In [46]:
from dotenv import load_dotenv; load_dotenv()
import sys, os; sys.path.append(os.getenv('MP'))

import pickle
import numpy as np
import nn

In [47]:
with open(r'models/pico_seuss_001/model.pkl', 'rb') as f:
  model = pickle.load(f)

with open(r'data/word_processors.pkl', 'rb') as f:
  tokenizer, vectorizer = pickle.load(f)

In [99]:
def prepare_input(input_sentence, target_seq_len):
  # Tokenize and vectorize
  tokens = tokenizer.transform(input_sentence)
  tokens = [' '.join(t).split() for t in tokens]
  vectors = vectorizer.transform(tokens)
  vectors = np.array(vectors)

  # Pad to target seq len
  if vectors.shape[-1] < target_seq_len:
    pad_width = 16 - vectors[0].shape[0]
    vectors = np.pad(vectors, ((0, 0), (0, pad_width)))
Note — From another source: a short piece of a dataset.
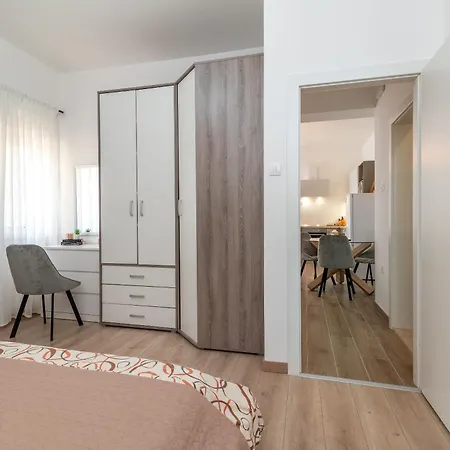 Apartamento Fani Trogir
  # Add batch dimension (batch, doc, seq)
  input = vectors[np.newaxis,:,-target_seq_len:]

  return input

In [141]:
test_text = ['I went to the park and saw a cat. I will go to the fox.']
input = prepare_input(test_text, target_seq_len=16)

In [157]:
def generate(data, gen_len):
  input = data
  seq_len = input.shape[-1]

  # Create an output of size gen_length + input seq_len
  output = np.empty((gen_len + seq_len), dtype=int)
  output[:seq_len] = data

  for i in range(gen_len):
    next_word = np.argmax(model.predict(input)[:,:,1:])+1 # offset to fix the fact we avoid index 0 <UNK>
    input[:,:,:seq_len-1] = input[:,:,1:] # shift input by 1
    input[:,:,-1] = next_word # add new word to this space
    output[i + seq_len] = next_word
  return output

In [167]:
output = generate(input, 20)
' '.join(vectorizer.inverse_transform([output])[0])

'cat will would cat cat cat cat there there there . some will will saw cat cat will would cat cat cat cat there there there . some will will saw cat cat will would cat'